RECORDS FOR THE TASK:
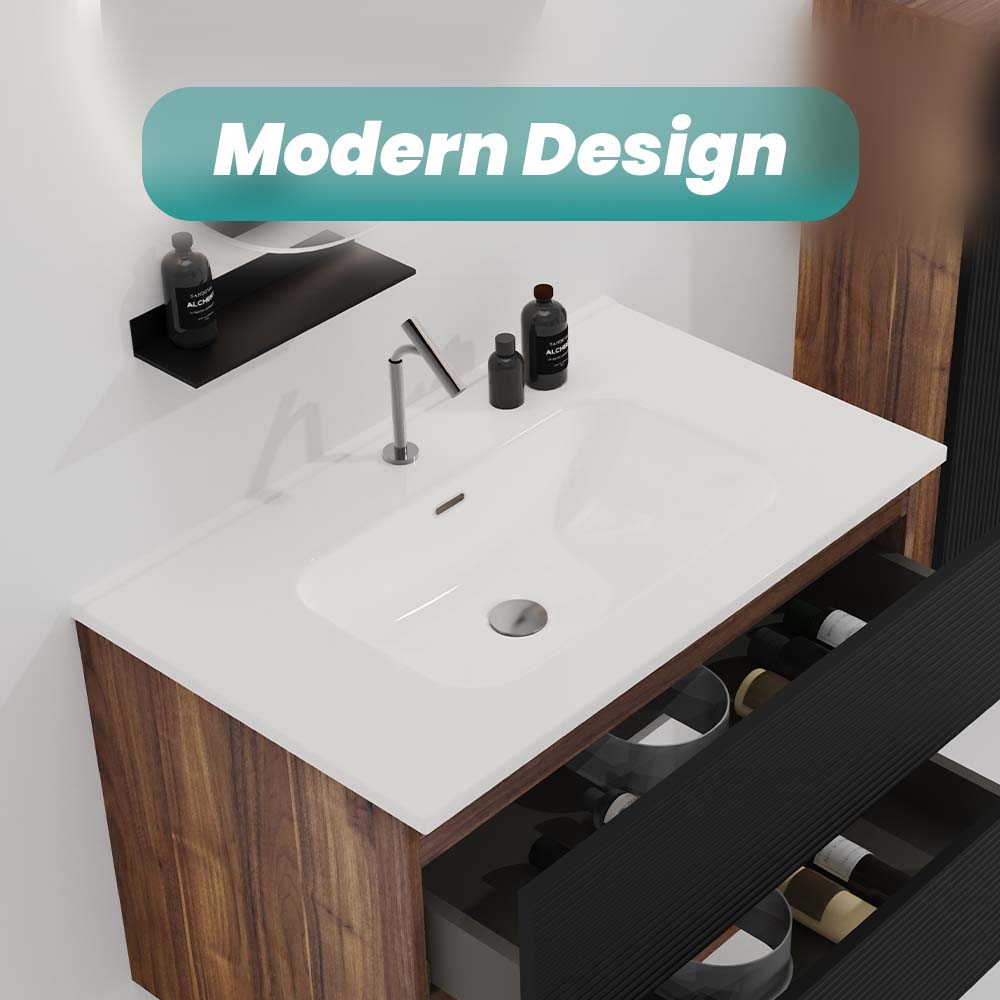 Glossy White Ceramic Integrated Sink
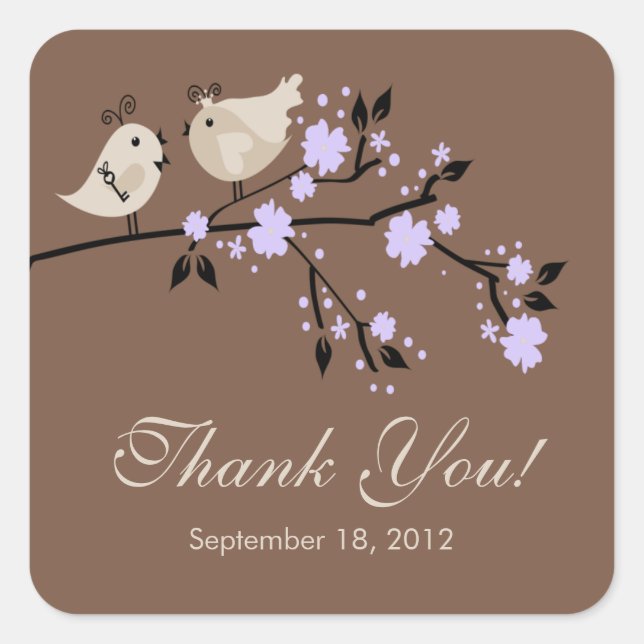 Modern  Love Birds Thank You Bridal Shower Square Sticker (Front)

==

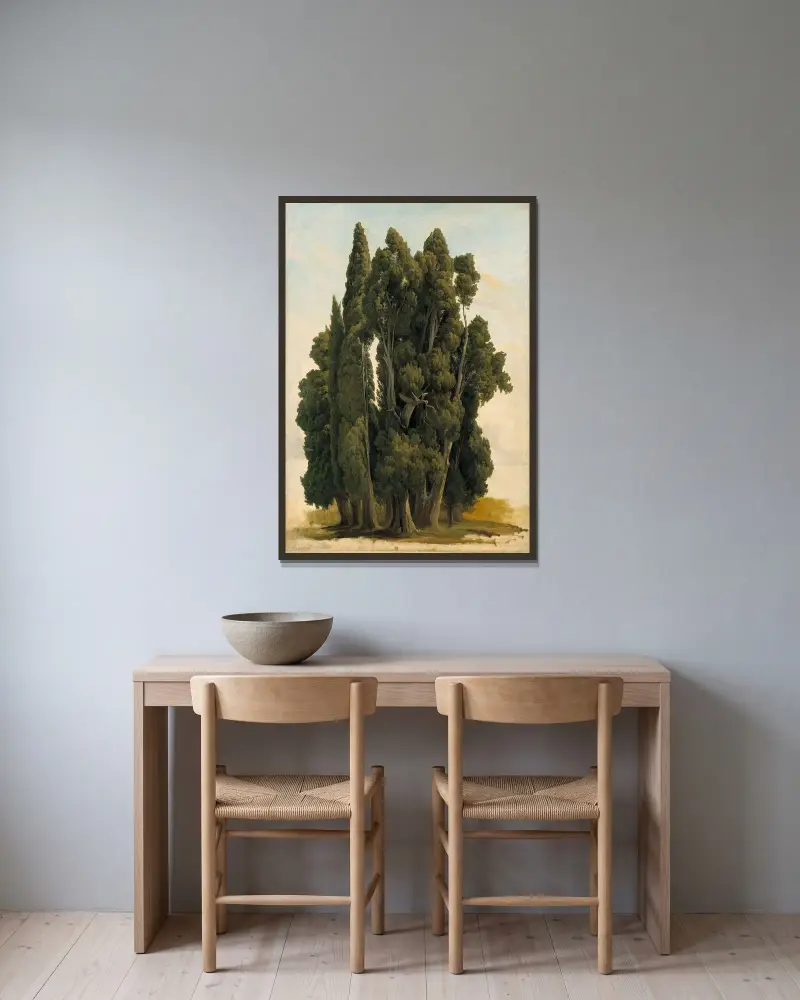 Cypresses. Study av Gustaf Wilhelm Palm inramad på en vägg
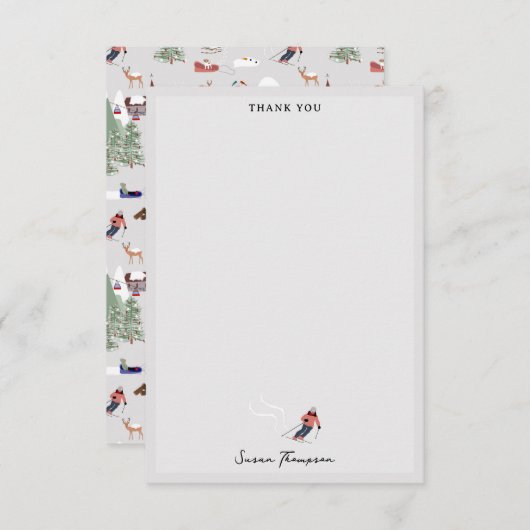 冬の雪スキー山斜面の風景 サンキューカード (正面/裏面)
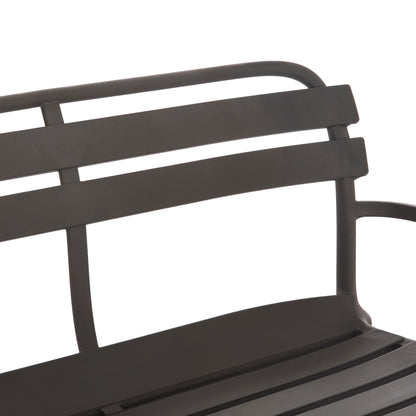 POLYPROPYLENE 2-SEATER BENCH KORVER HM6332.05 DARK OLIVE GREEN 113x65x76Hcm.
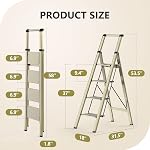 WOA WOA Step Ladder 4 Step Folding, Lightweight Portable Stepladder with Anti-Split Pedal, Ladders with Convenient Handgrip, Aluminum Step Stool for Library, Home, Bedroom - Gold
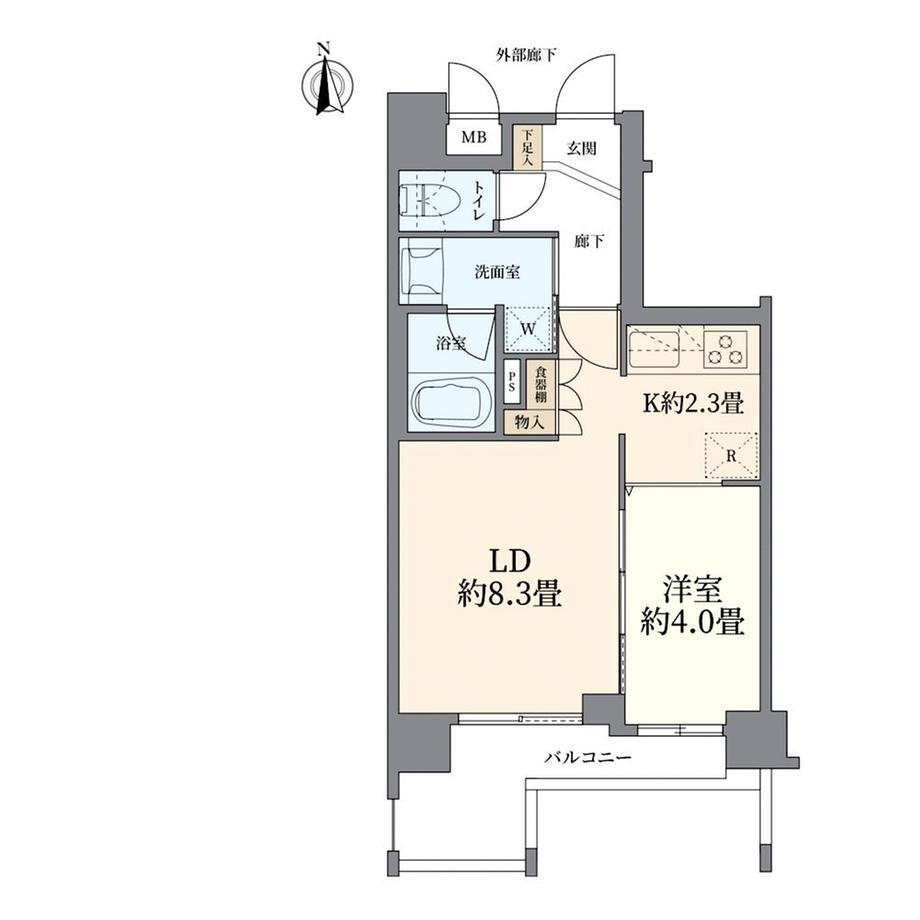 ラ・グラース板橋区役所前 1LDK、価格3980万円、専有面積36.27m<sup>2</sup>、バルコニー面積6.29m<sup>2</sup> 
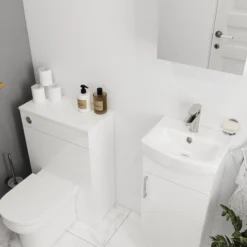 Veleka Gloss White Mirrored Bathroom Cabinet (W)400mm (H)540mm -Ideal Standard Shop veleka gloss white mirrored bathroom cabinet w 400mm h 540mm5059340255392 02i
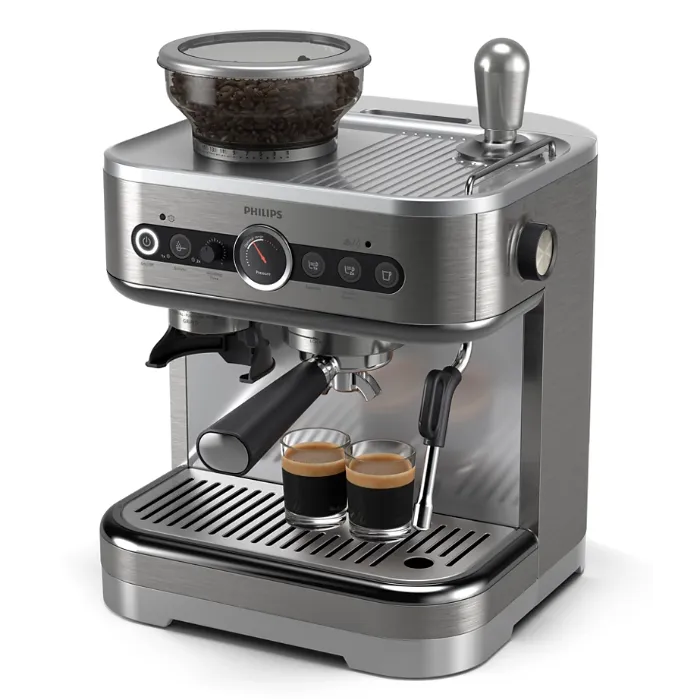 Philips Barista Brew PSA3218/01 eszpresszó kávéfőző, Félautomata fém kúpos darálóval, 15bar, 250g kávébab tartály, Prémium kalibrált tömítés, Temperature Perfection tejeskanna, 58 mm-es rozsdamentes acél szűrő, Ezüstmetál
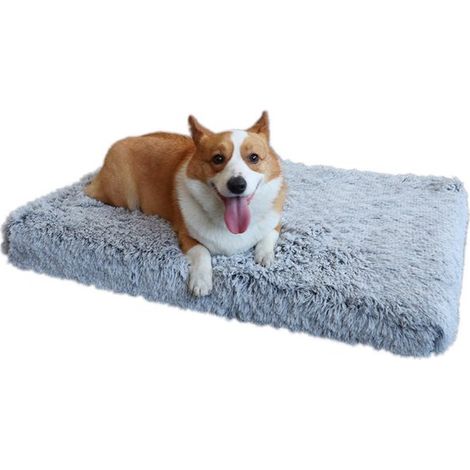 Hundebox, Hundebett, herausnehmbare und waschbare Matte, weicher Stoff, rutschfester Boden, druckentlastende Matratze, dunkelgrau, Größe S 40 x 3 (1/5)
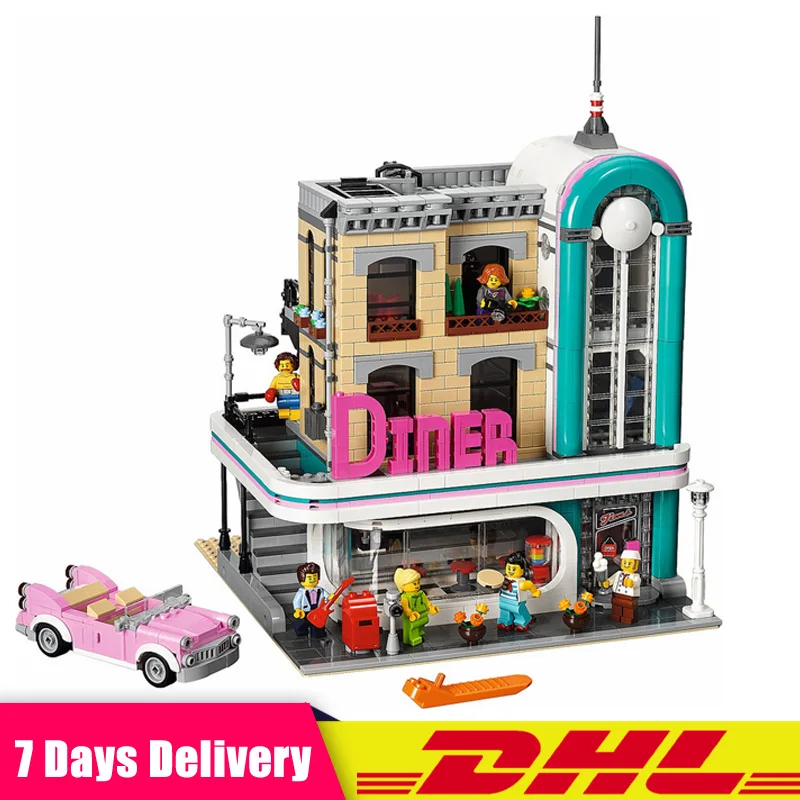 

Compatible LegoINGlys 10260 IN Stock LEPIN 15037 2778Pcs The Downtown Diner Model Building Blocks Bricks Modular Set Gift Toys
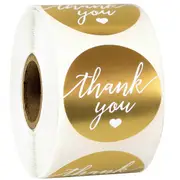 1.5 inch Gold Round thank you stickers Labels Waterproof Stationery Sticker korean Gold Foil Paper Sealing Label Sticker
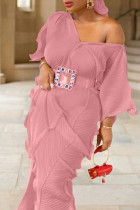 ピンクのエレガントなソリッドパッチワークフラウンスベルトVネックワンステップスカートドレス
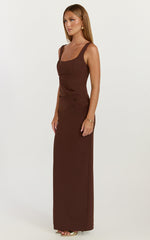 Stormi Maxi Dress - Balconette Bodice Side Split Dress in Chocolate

EXERCISE BRIEF:
Using the entries above, repeat exactly the lines from the one with "Hundebox, Hundebett, herausnehmbare" to the one with "Stormi Maxi Dress", both included, and leave the pictures behind.

EXPECTED ANSWER:
 Hundebox, Hundebett, herausnehmbare und waschbare Matte, weicher Stoff, rutschfester Boden, druckentlastende Matratze, dunkelgrau, Größe S 40 x 3 (1/5)

Compatible LegoINGlys 10260 IN Stock LEPIN 15037 2778Pcs The Downtown Diner Model Building Blocks Bricks Modular Set Gift Toys
 1.5 inch Gold Round thank you stickers Labels Waterproof Stationery Sticker korean Gold Foil Paper Sealing Label Sticker
 ピンクのエレガントなソリッドパッチワークフラウンスベルトVネックワンステップスカートドレス
 Stormi Maxi Dress - Balconette Bodice Side Split Dress in Chocolate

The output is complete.